Mais alors, d’où ça vient, cette nostalgie après l’amour ? Là aussi, il n’y a pas de bonne réponse. Les scientifiques pensent que cela peut être dû à des facteurs biologiques ou physiologiques, comme un dérèglement hormonal ou des difficultés sexuelles (perte de libido, douleurs pendant les rapports, problèmes d’érection…) mais aussi des facteurs psychologiques. Certains affirment que cela peut être causé par une résurgence d’un traumatisme (comme un viol, de la violence, de la maltraitance ou un abus sexuel), d’autres évoquent une sensibilité exacerbée, une connexion très forte pendant l’acte qui conduit à une grande difficulté à quitter l’autre et à gérer la solitude après l’amour.
"Si la dysphorie est systématique ou quasi systématique après un rapport, elle fait peut-être ressortir un traumatisme, qui n’est pas toujours conscientisé. Tout ce qui est extrêmement régulier en matière de sexualité, et qui pose problème bien sûr, vient interroger une réaction traumatique.", nous dit Claire Alquier. La spécialiste se veut rassurante : "On n’est pas condamné.e à l’expérimenter toute sa vie si on y a été sujet.te une fois. Les hormones, la psyché… Ce sont des éléments qui évoluent. Quand on vit des choses difficiles dans sa vie (deuil, situation professionnelle stressante, etc.), ça peut se répercuter sur la sexualité."
Sa consœur Sylvie Lavallée M.A confie qu’elle a déjà observé chez ses patientes "un état d’abandon, une absence de performance, un lâcher prise". "Le fait de ne plus se soucier de la technique ni des gestes ou de ses complexes physiques procure un tel bien-être, que le corps baisse sa garde et les larmes en sont le symbole, déclare-t-elle. Certains souffrent d’anxiété et ont une impression permanente de la catastrophe imminente : crainte d’être rejeté, abandonné, trahi, trompé…", révèle l’auteure du livre Êtes-vous en bonne santé sexuelle ? (éditions Trécarré).
Communiquer avec son partenaire
Si vous pensez souffrir de ces symptômes uniquement après une relation sexuelle, vous êtes peut-être atteint.e de dysphorie post-coïtale. Que faire ? Si vous en ressentez le besoin et que le phénomène est récurrent, vous pouvez consulter un consulter un spécialiste pour en comprendre l'origine et essayer de l’atténuer. "Un professionnel pourra prescrire un bilan hormonal, pour exclure ou non la piste hormonale, par exemple.

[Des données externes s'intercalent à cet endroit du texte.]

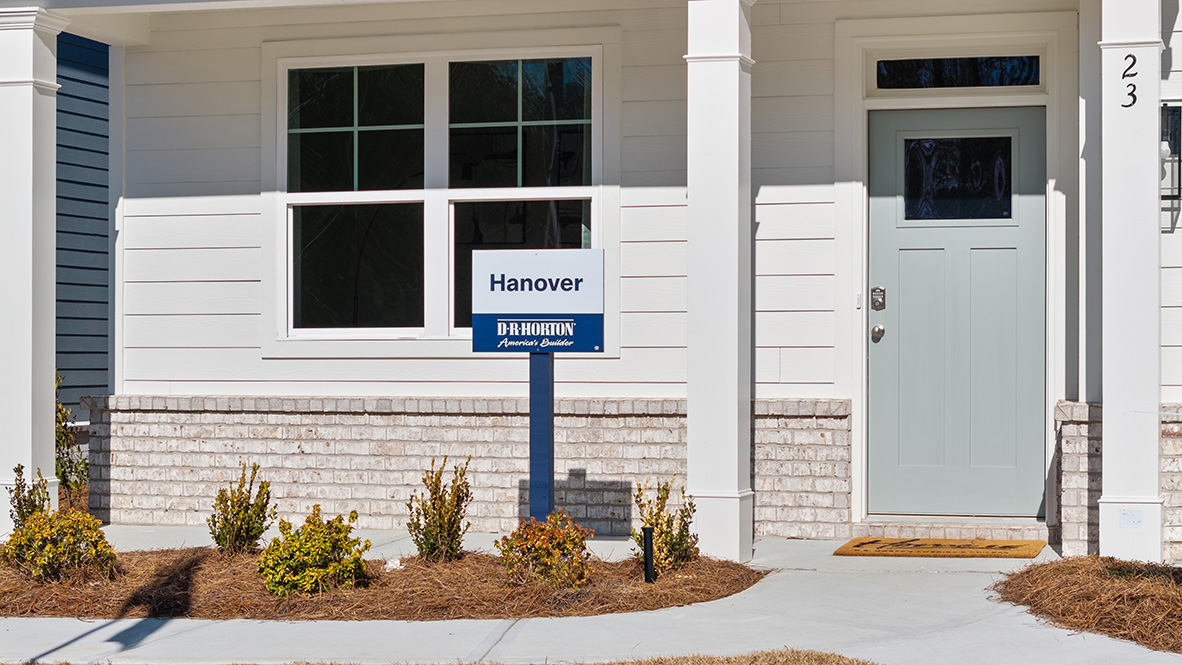 Exterior white two-story home with stone detailing and close-up of sign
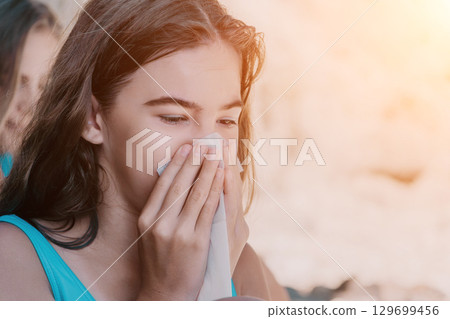 Young Girl Blowing Her Nose Young Girl Blowing Her Nose 129699456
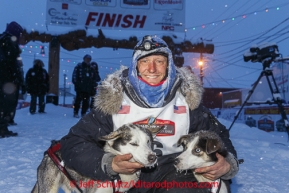 Charlie Benja poses with his lead dogs Hawk and Duke at the Nome finish chute Friday March 14 during the 2014 Iditarod Sled Dog Race.PHOTO (c) BY JEFF SCHULTZ/IditarodPhotos.com -- REPRODUCTION PROHIBITED WITHOUT PERMISSION
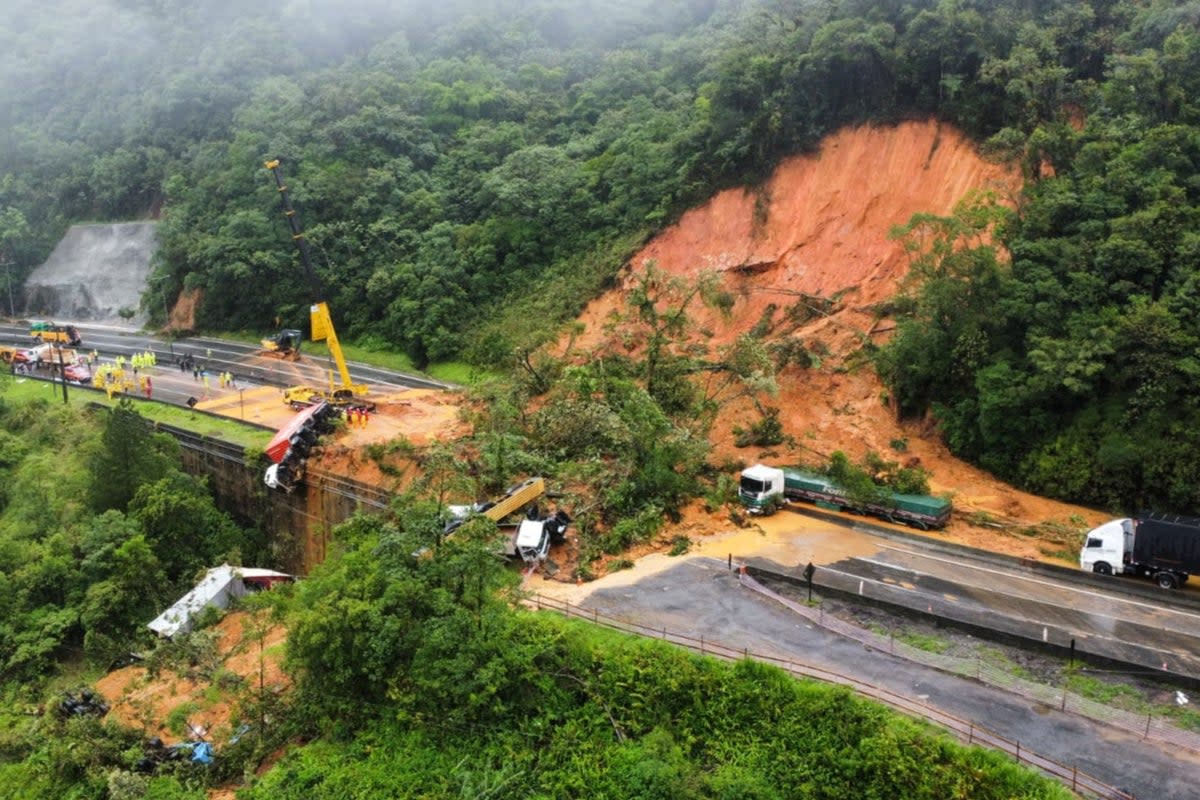 Aerial images show mud engulfing the major road  (via REUTERS)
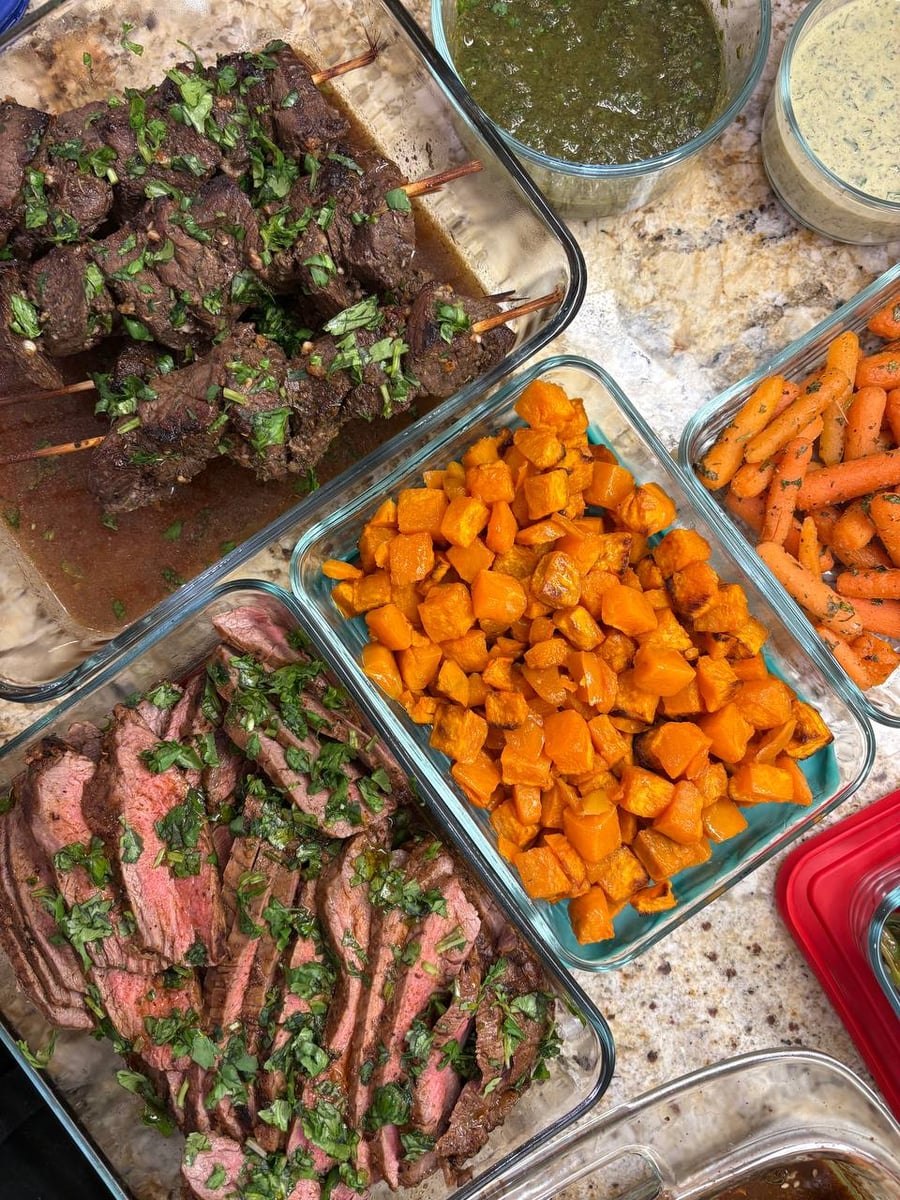Glass containers featuring seasoned beef sirloin skewers, sliced carne asada flank steak, roasted sweet potato bites, and honey glazed carrots with fresh herbs.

Sur le plan psychologique, c’est important de se faire accompagner pour dédramatiser ce truc de : ‘J’ai peur que ça se reproduise, donc du coup ça se reproduit’. Sinon, avant même d’avoir un rapport sexuel, on est dans un état de stress, on n’est pas disponible", affirme Claire Alquier avant de nous décrire l’importance du rôle de son partenaire.
"C’est primordial de pouvoir communiquer avec son ou sa partenaire. L’impliquer, si on est dans une relation positive et rassurante ; lui expliquer que ce n’est pas en lien avec le plaisir qu’on ressent ; peut-être avoir des rapports différemment ou chercher ce qu’il y a dans son passif... Le partenaire peut alors accueillir les dysphories de manière plus douce au lieu d’accentuer la culpabilité que la personne dysphorique peut ressentir", conclut-elle. Sylvie Lavallée M.A, de son coté, recommande d’"observer ce qui se vit en soi, de faire preuve d’introspection, de lucidité consciente face à soi". "L’intimité véritable ne se vit pas en surface. Elle est pleine et consciente", précise-t-elle en suggérant de "faire preuve de bienveillance et d’auto compassion, et de permettre une communication franche avec son partenaire."